S&P expects the kingdom’s government and external net asset positions to remain sufficiently strong over the next two years. After contracting sharply in 2020, the Saudi economy is forecast to return to positive growth in 2021, global ratings agency S&P said in its latest report. S&P expects the kingdom’s current account to return to surplus and the fiscal deficit to narrow, based on improving global macroeconomic conditions and oil prices as the world begins to emerge from the pandemic.
The kingdom’s government and external net asset positions over the next two years will remain sufficiently strong to support the ratings, it said.
“We could raise the ratings if Saudi Arabia’s economic growth prospects improve significantly or the government’s net asset position reverses its ongoing decline. This could follow sustained stronger-than-expected GDP growth or fiscal performance,” Ravi Bhatia, Primary Credit Analyst at S&P said. According to S&P, higher oil prices and widespread rollout of vaccines will lead to a rebound to positive economic growth in 2021-2024.
“In 2021, higher oil prices will be partially counterbalanced by lower Saudi oil production volumes. The authorities will continue to grapple with a trade-off between the need to provide support to the economy and population, and containing the fiscal deficit,” the report said. The pandemic weighed on both the Saudi oil and non-oil sectors in 2020, and delayed investment projects. “However, the government will revert to its ambitious investment and economic diversification strategy from 2021 onward,” the report said.
Saudi’s sovereign fund, PIF, is widely seen as the engine powering the kingdom’s economic diversification strategy.
PIF is pursuing a two-pronged strategy: Building an international portfolio of investments while investing locally in projects that will help reduce the kingdom’s reliance on oil.

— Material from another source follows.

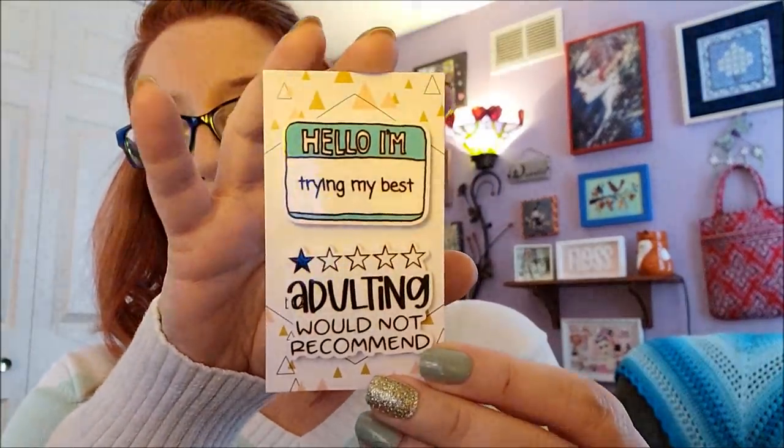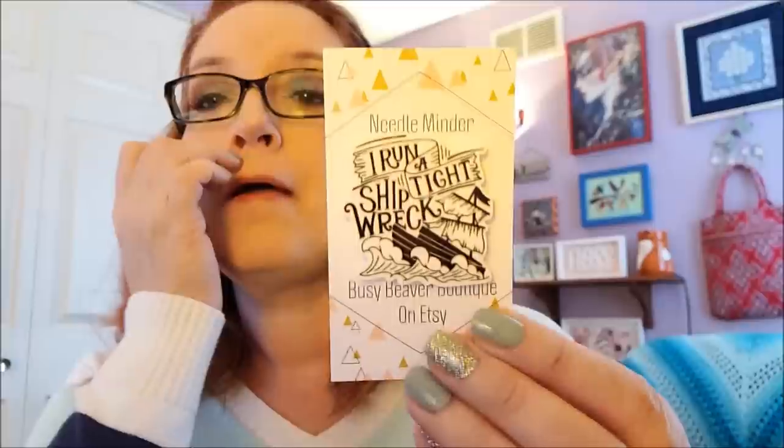I got some needle minders in the mail yesterday from Busy Beaver Boutique — I'll link that below. I got three needle minders. I just love these. One says 'Hello' and another says 'Adulting — would not recommend.' This one's funny too. Also, I was supposed to have a job today but it canceled, and I think I'm going to be off all this week because our Friday job canceled too. We have a two-day arbitration next week. 'I run a tight shipwreck!' Isn't that hilarious? I'll link that Etsy shop below.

In January, PIF approved its five-year strategy of investment and job creation as part of its economic transformation.
The fund will invest $266bln in the local economy in the next five years through 13 strategic sectors. It will also double its asset volume by more than 4 trillion riyals by 2025 to reach 7.5 trillion riyals by 2030.
Last week, PIF signed $15 billion worth of syndicated multi-currency revolving credit facilities with 17 banks. The new credit facility gives the fund access to extra capital that can be deployed quickly when needed.